Juliette Gautron, PhD candidate in the Department of Social Anthropology, has been announced as the winner of this year’s postgraduate photography competition. Juliette – who conducted her fieldwork in the Sierra Nevada de Santa Marta, northeast Colombia – impressed the competition judges with her striking and captivating images.
“These pictures were taken as I spent time with indigenous Wiwa friends”, she explains. “I accompanied them for a few weeks as they went to visit their family for new year celebrations in their home village, on the south side of the Sierra, near Valledupar”. For the judges, Juliette’s images – documenting the traditions of the Wiwa community – excelled in “creating a strong sense of place and intimacy”.
This year’s competition – the 11th annual celebration for postgraduate students to showcase their fieldwork photographs – brought together seven diverse and visually compelling entries. “We were privileged to witness the integration of anthropological inquiry and photographic skill”, said the 2024 judging panel: Iza Kavedžija, Tim Cooper, Adam James Smith, Natalia Buitron, Andrew Sanchez and Mike Degani. Alongside quality and content, special consideration was given to images which conveyed a richness of human life and experience.
Gol Tengis was awarded second prize for his PhD fieldwork photography focused on dance practices in Inner Mongolia, a Chinese ethnic autonomous region adjacent to Russia and Mongolia. For the judges, his entry “shines with vibrant storytelling, captivating use of colour and a good balance of variety and cohesion”. All Gol’s images – from the Tibetan Buddhist Cham ceremony of Hohhot to graduation performances of Mongolian dance students (shown) – were “unified by their exploration of cultural expressions”.

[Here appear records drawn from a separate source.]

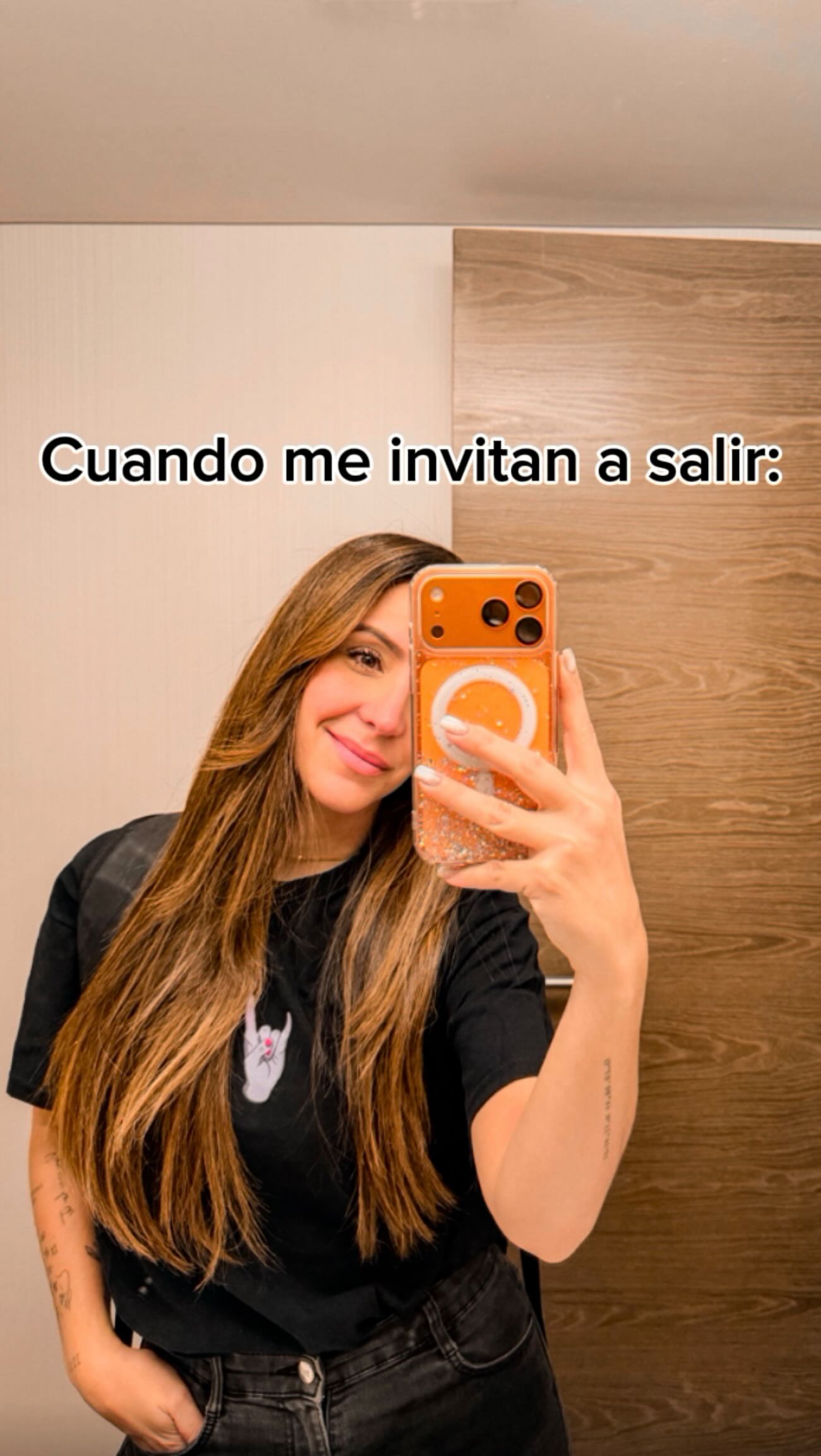 Dicen que la vida es una sola… y al parecer la mía viene con plan corporativo, llamadas ilimitadas y muchas emergencias que atender ¡siempre! 🫨😂
#roadmanager #personalmanager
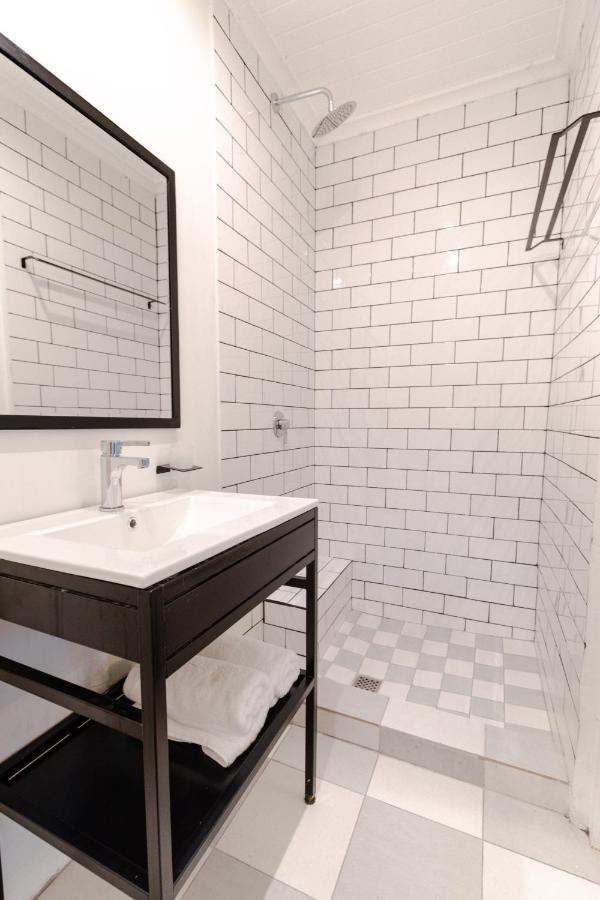Queen Room,1327531757:JPEG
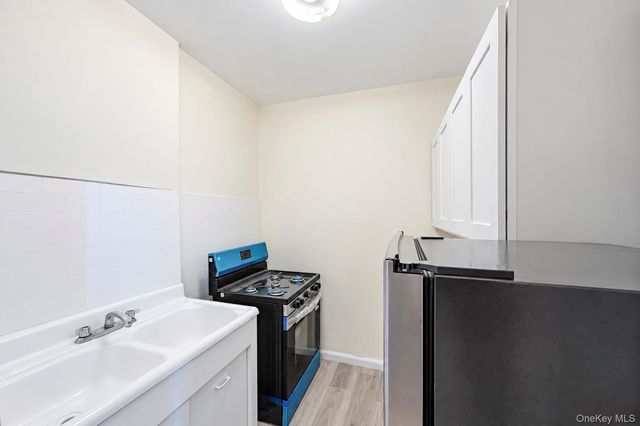 3321 Bruckner Boulevard 5G, Bronx, NY 10461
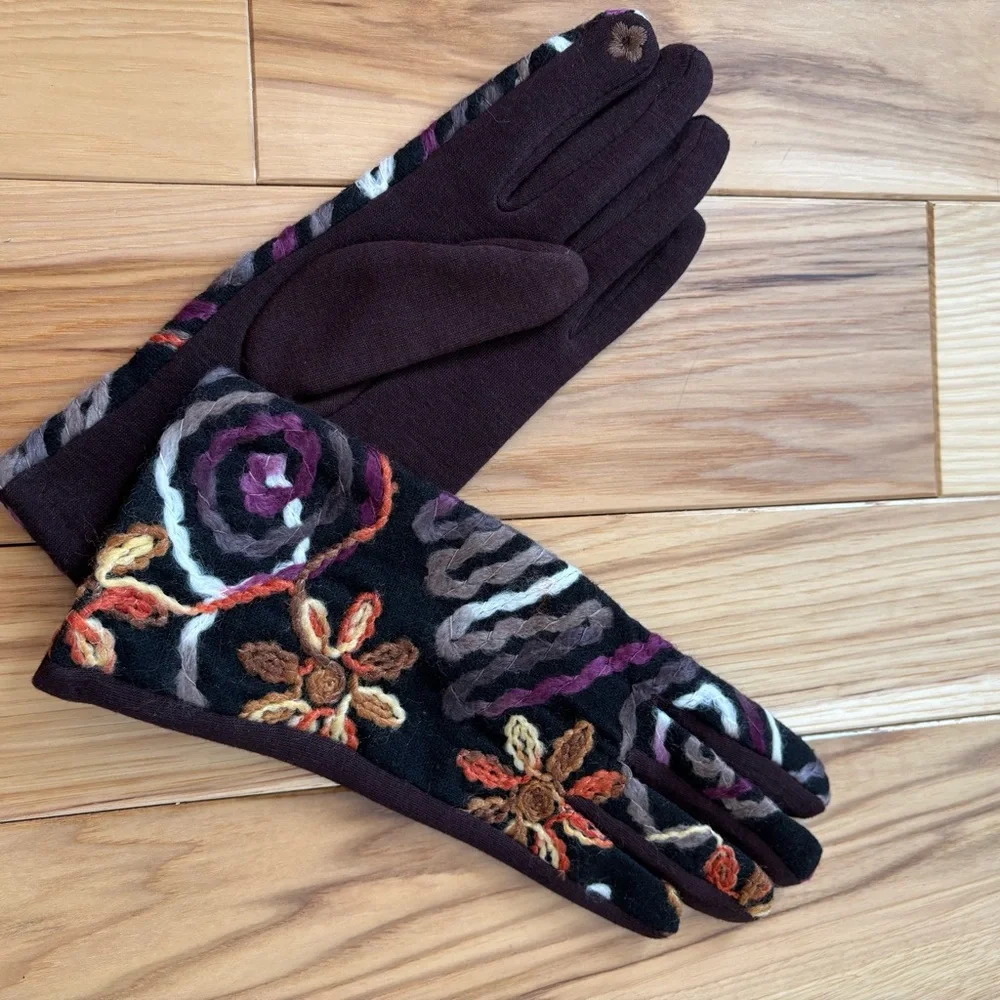 NEW Coco & Carmen Boho Floral Embroidered Touch Screen Compatible Gloves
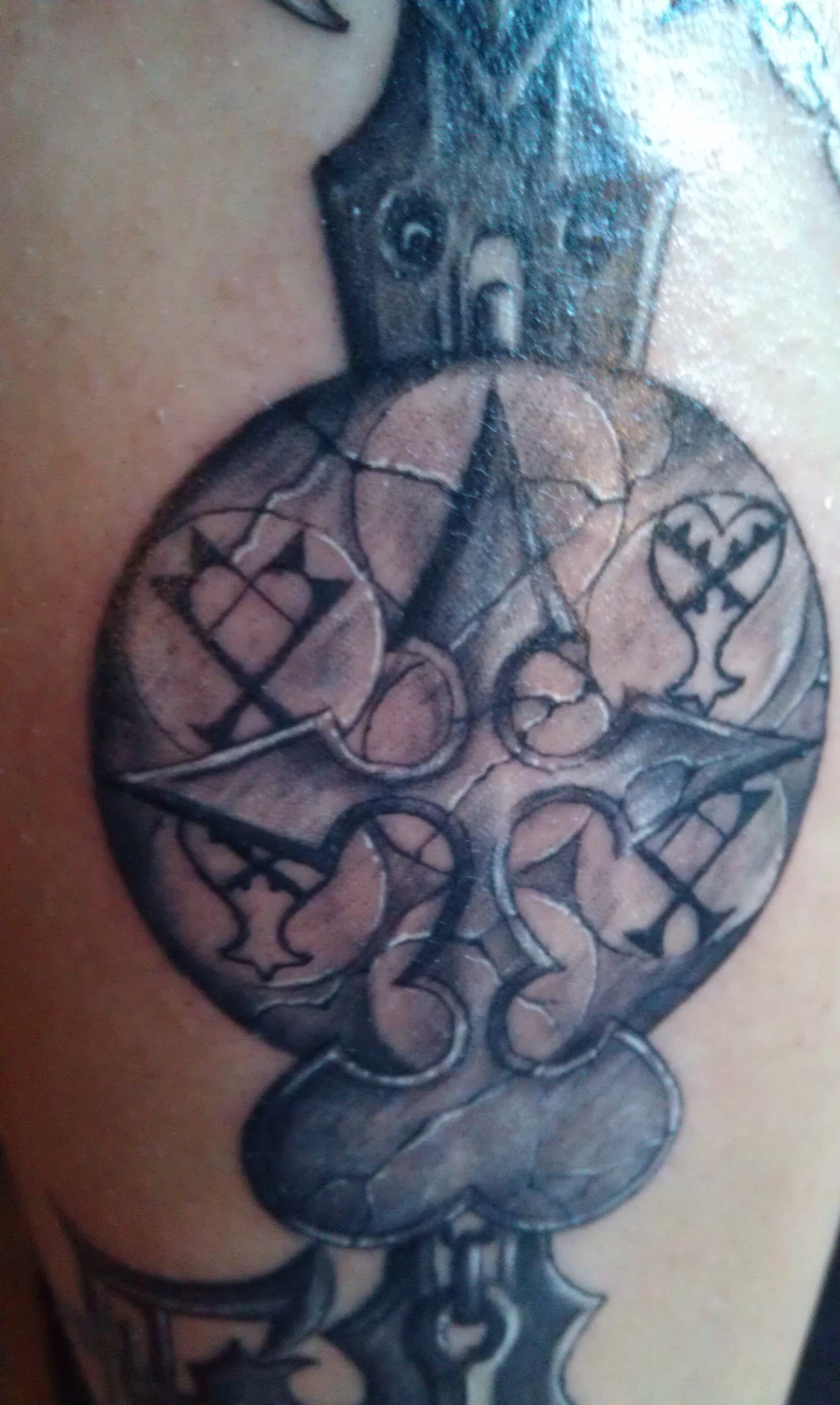 waitlistedmommy:  4 hour session and I couldn’t be happier. Done by Manuel Vega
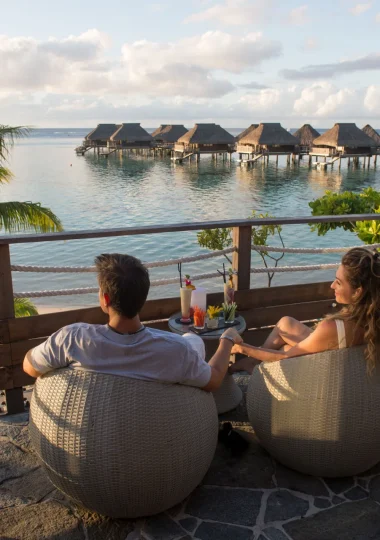 Apéro en amoureux au coucher du soleil Tahiti Tourisme
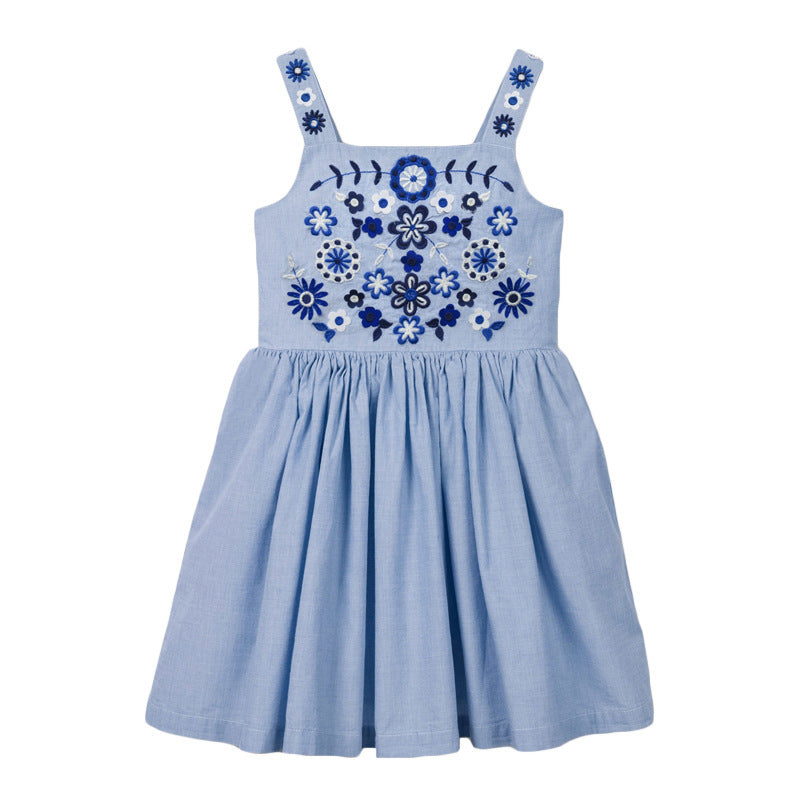 Vestido infantil de punto bordado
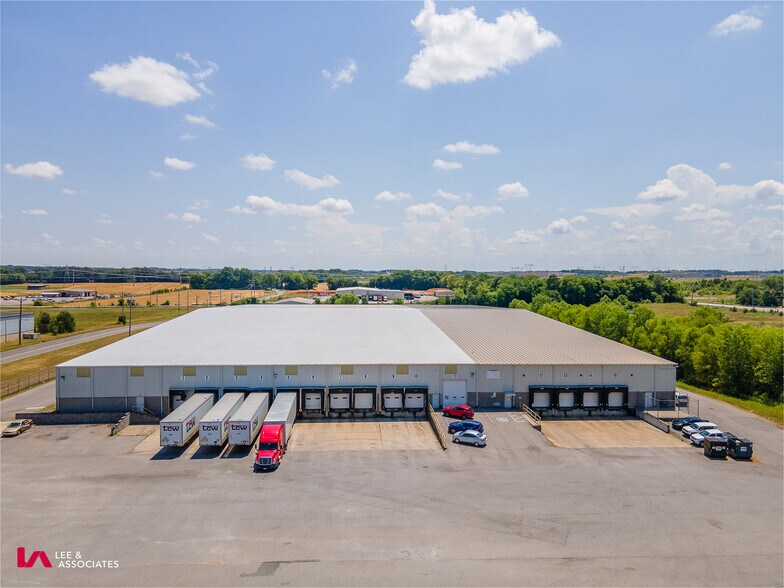 More Photos Of 1136 Dunlop Ln, Clarksville Warehouse For Lease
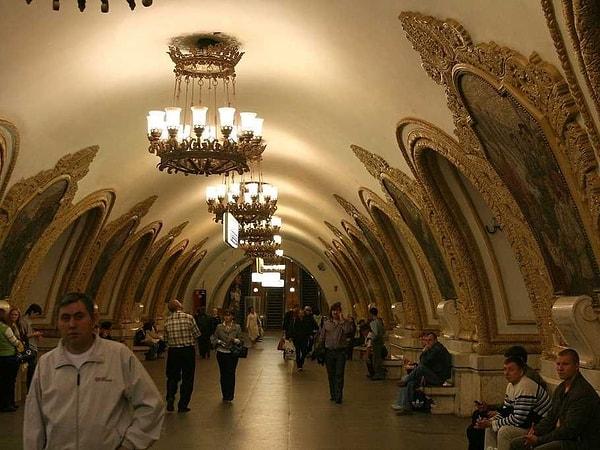 24. Dünyanın dördüncü en derin metro istasyonu Moskova'da.
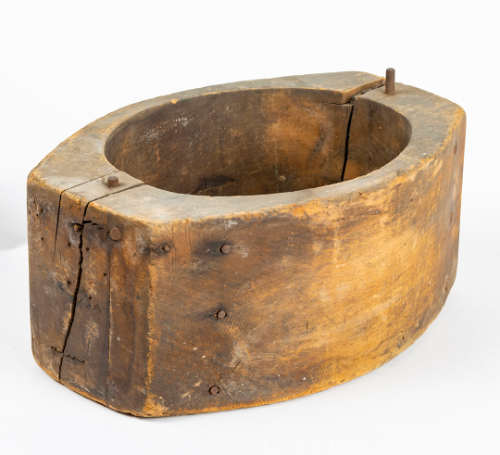 Hat Block (Oval)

Third prize was secured by Sally Montgomery: a PhD candidate researching human-environment relations and conceptions of belonging on Lord Howe Island – a small, isolated island off Australia. Part of this research studies environmental scientists engaged in the devastating effects of plastic pollution on migratory seabirds. “This entry is notable for its emotional impact”, wrote the judges. “The affective pull of these images is their greatest strength, vividly communicating ecological loss and grief”.